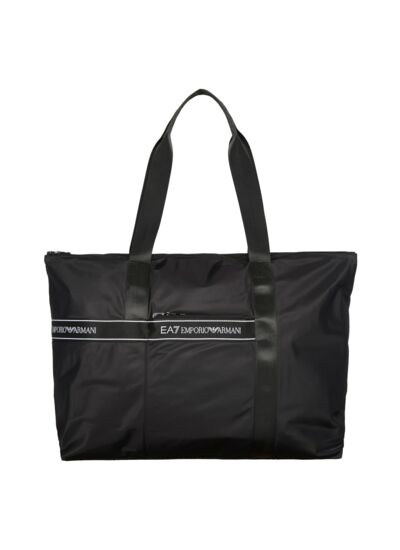 Sac Shopping Femme-Nero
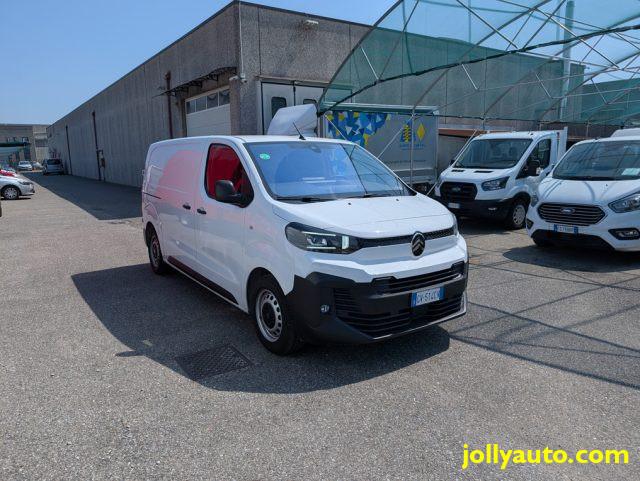 CITROEN E-Jumpy 75 kWh Furgone M FULL ELECTRIC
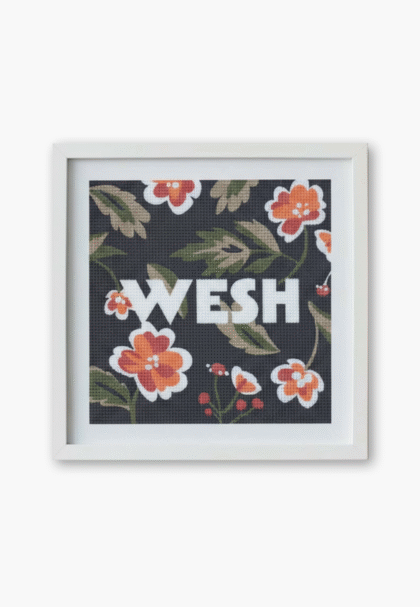 FUKURI - Kit de toile Wesh - Débutant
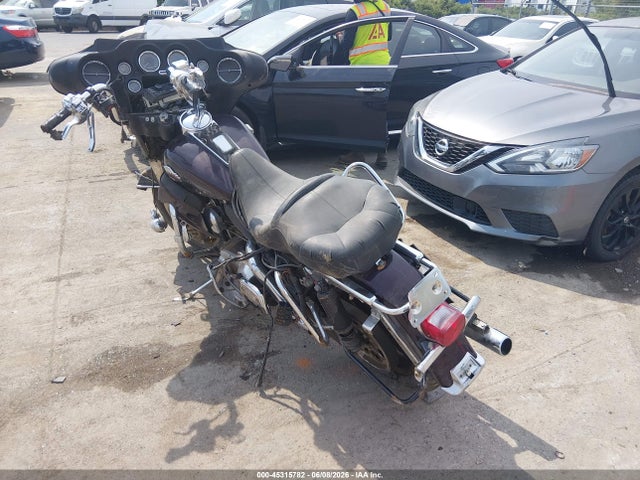Продаж на аукціоні авто 2008 Harley-davidson Flht Classic, vin: 1HD1FF4128Y684120, номер лоту: 45315782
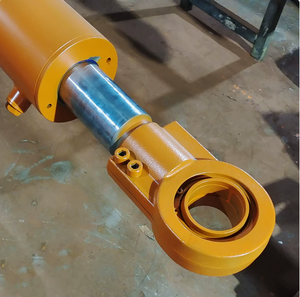 Auténtico y Personalizable: Conjunto de Cilindro de Bomba para Excavadora (Cucharón Grande y Mediano) para EX30/55/60/70/75 - Envío Gratis - Product Image 2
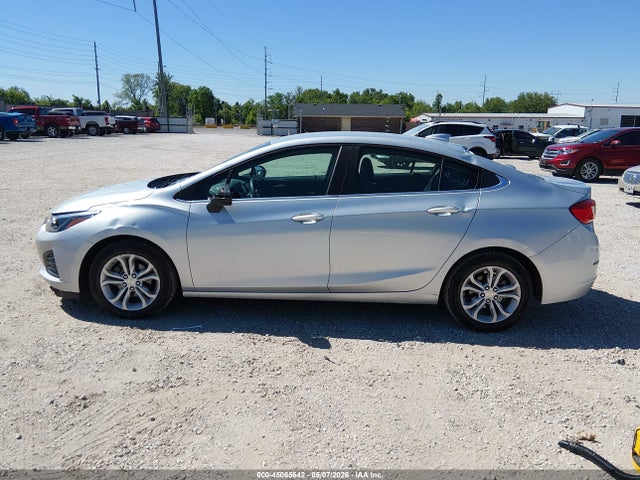 Chevrolet Cruze Lt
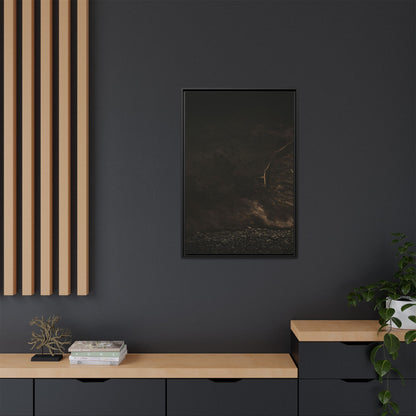 Dramatic D7E Track | FRAMED | Left Panel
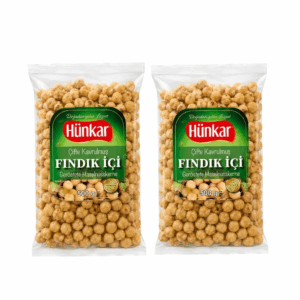 Hünkar geröstete Haselnusskerne 500 g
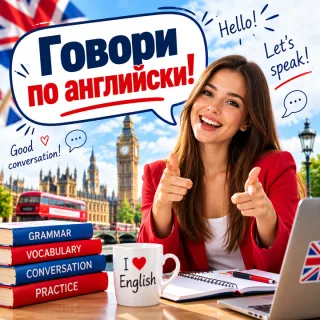 Обучение, курсы и репетиторство английского в Тирасполе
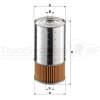MANN-FILTER Ölfilter PF 1050/1 n - PF1050/1n für 5016 966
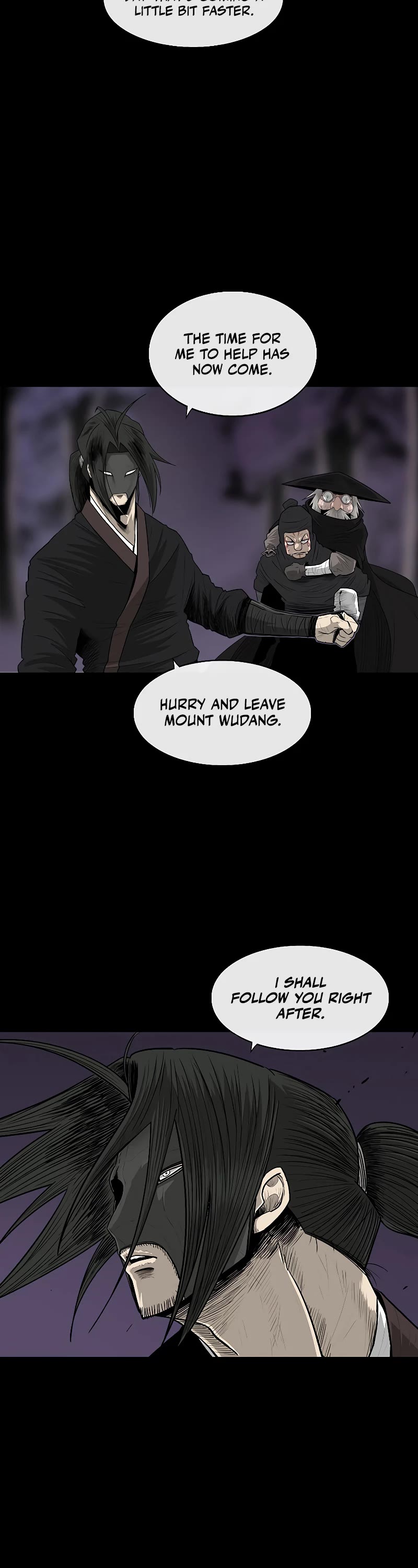 Legend of the Northern Blade Chapter 139 page 23 - Chapter 139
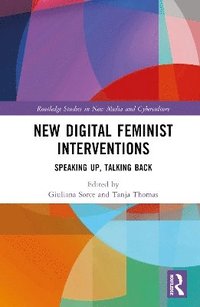 bokomslag New Digital Feminist Interventions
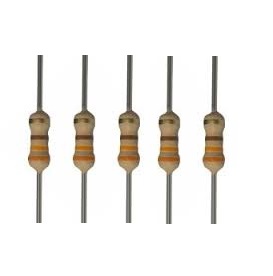 RESISTENCIA 340 OH. 1 W. 136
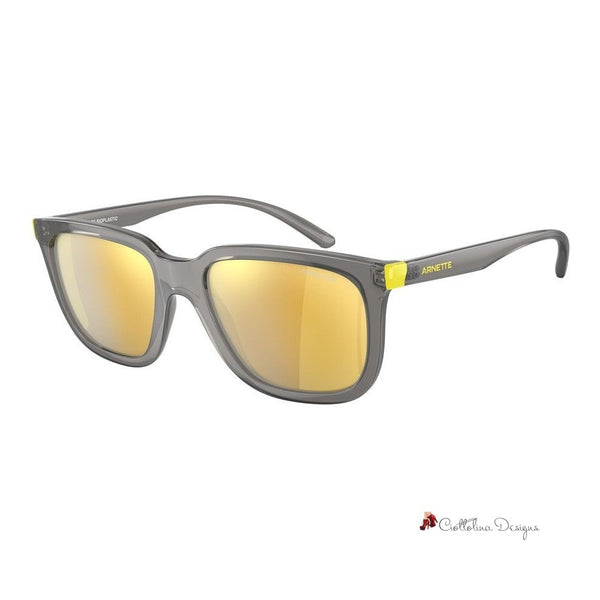 Gray Acetate Sunglasses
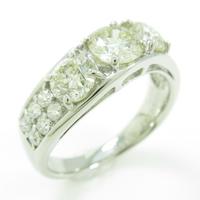 PT ダイヤモンドリング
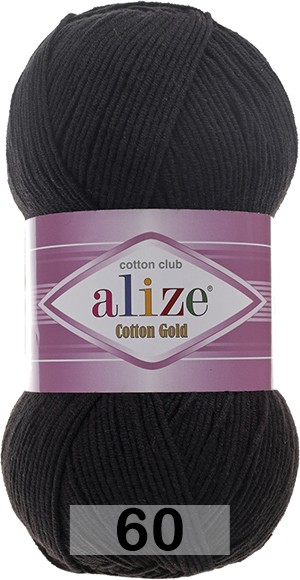Пряжа Alize Cotton Gold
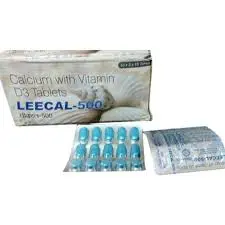 Calcium Tablet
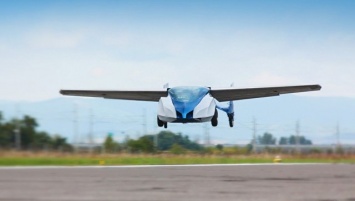 Российские ученые создали два образца "летающего внедорожника"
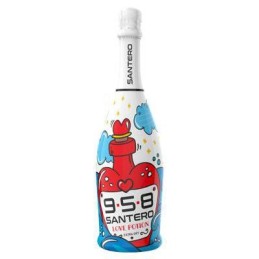 SANTERO 958 LOVE VALENTINE'S EXTRA DRY CL.75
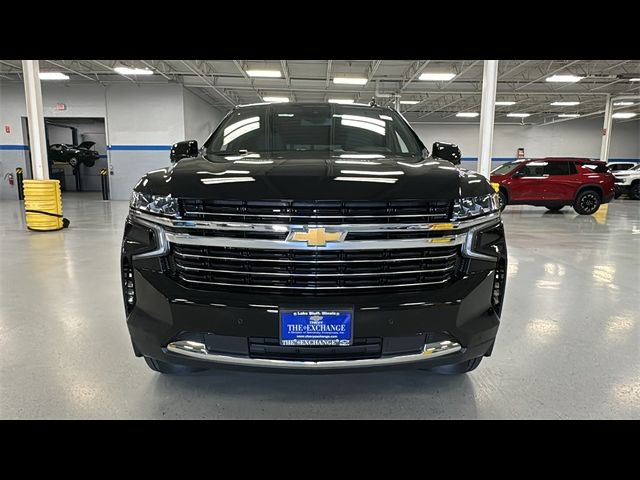 2024 Chevrolet Suburban LT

_ _ _ _

- Instructions for the task
A word-for-word copy of all the data, without pictures, is the expected output.

- Answer to the exercise
 Sac Shopping Femme-Nero
 CITROEN E-Jumpy 75 kWh Furgone M FULL ELECTRIC
 FUKURI - Kit de toile Wesh - Débutant
Продаж на аукціоні авто 2008 Harley-davidson Flht Classic, vin: 1HD1FF4128Y684120, номер лоту: 45315782
 Auténtico y Personalizable: Conjunto de Cilindro de Bomba para Excavadora (Cucharón Grande y Mediano) para EX30/55/60/70/75 - Envío Gratis - Product Image 2
 Chevrolet Cruze Lt
 Dramatic D7E Track | FRAMED | Left Panel
 Hünkar geröstete Haselnusskerne 500 g
 Обучение, курсы и репетиторство английского в Тирасполе
MANN-FILTER Ölfilter PF 1050/1 n - PF1050/1n für 5016 966
 Legend of the Northern Blade Chapter 139 page 23 - Chapter 139
 bokomslag New Digital Feminist Interventions
 RESISTENCIA 340 OH. 1 W. 136
 Gray Acetate Sunglasses
 PT ダイヤモンドリング
Пряжа Alize Cotton Gold
 Calcium Tablet
 Российские ученые создали два образца "летающего внедорожника"
 SANTERO 958 LOVE VALENTINE'S EXTRA DRY CL.75
 2024 Chevrolet Suburban LT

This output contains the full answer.